Cuthbert was a well-known and highly respected member of the Mount Gambier community and the first from there to be killed in action; it is not surprising the Mount Gambier newspaper published an article about his short life.
He was a scholar, athlete, gentleman, and soldier - and is the first native of Mount Gambier to forfeit his life in Britain's cause. He had spent his childhood days in this town, had the blessing of an ideal home training, and the advantage of a sound education. [ii]
Witness statements [iii]
In October 1915, Sergeant Major Norman Railton said Corporal Davison ‘was hit in the head with a bullet’ and killed on 8 August at Lone Pine. Railton who claimed to have known Davison well since they left Sydney together in October 1914 said he saw him killed as he was nearby him in the trench at the time. He said he saw Davison dead but knew nothing about his burial.

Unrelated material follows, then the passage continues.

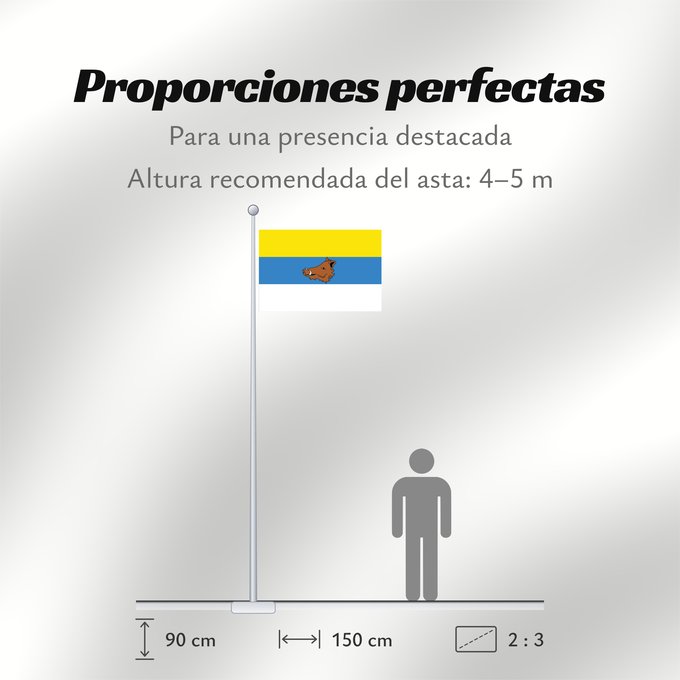 Proporciones de la bandera: Zaventem	Belgian municipality of Zaventem	Commune belge de Zaventem	Belgischen Gemeinde Zaventem	Vlaams-Brabantse gemeente Zaventem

Private Charles Lind who was from the same platoon as Davison said he was near him when he saw him ‘shot through the head during the bayonet charge at the edge of the Turkish trenches just before the taking of Lone Pine.’ He said he saw him fall, and thought ‘his death was instantaneous, but cannot be sure of this.’
In 1919, in answer to an enquiry made by Davison’s Aunt in England, the Red Cross wrote he was killed in action sometime between 7-14.8.l5 with no record of burial and no hope of further particulars being obtained.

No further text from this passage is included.